KUALA LUMPUR: The government should set up a new sovereign wealth fund as part of its efforts to improve transparency and accountability in managing oil and gas revenue, said former finance minister Lim Guan Eng.
The Bagan MP said this was better than recommendations to list the national oil company Petroliam Nasional Bhd (Petronas) via an initial public offering (IPO).
Using the Government Pension Fund of Norway (GPFN) as an example, Lim said creating a similar fund is something that can benefit all Malaysians.
“This model is relevant for Petronas because the GPFN has many similarities with the (national oil) company. Like Petronas, the Norwegian fund is a government entity with a long-term mandate to manage wealth from the oil and gas sector.
“Malaysia owes RM1.5 trillion in debts (and liabilities), but the GPFN has more than US$1 trillion in assets. The main aim of this fund is to help the Norwegian government ensure the country’s citizens benefit from the pension fund,” he said while debating the Supply Bill 2023 in parliament today.

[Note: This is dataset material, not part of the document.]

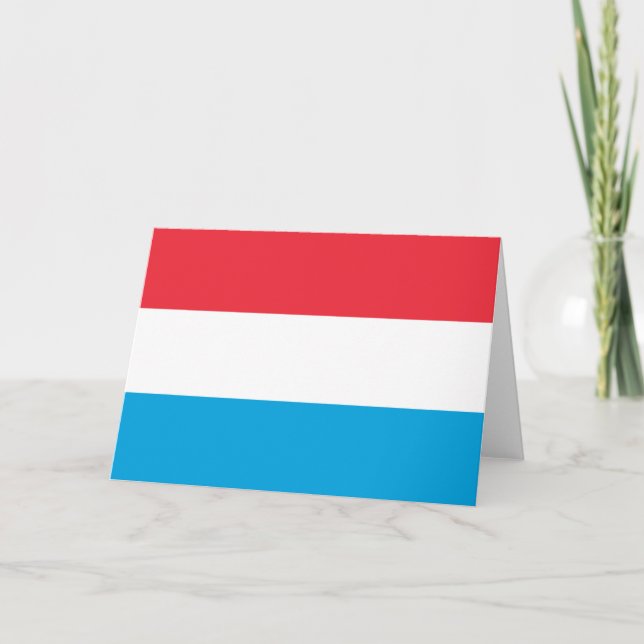 Tarjeta Bandera de Luxemburgo (Anverso)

The GPFN comprises two sovereign wealth funds wholly owned by the Norwegian government.
One of the two funds, the Government Pension Fund Global, also known as the Oil Fund, was established in 1990 to invest in the Norwegian oil sector’s surplus revenue, and it currently owns over US$1.19 trillion in assets and holds 1.4 per cent of all of the world’s listed companies, making it one of the world’s largest sovereign funds.
Lim said Petronas is a national treasure that Malaysians should fully own, and using the company to pay off government debts is moving the responsibility away from those who made the borrowings.
“Therefore, the federal government should settle the debts by itself and not rely on Petronas to do so.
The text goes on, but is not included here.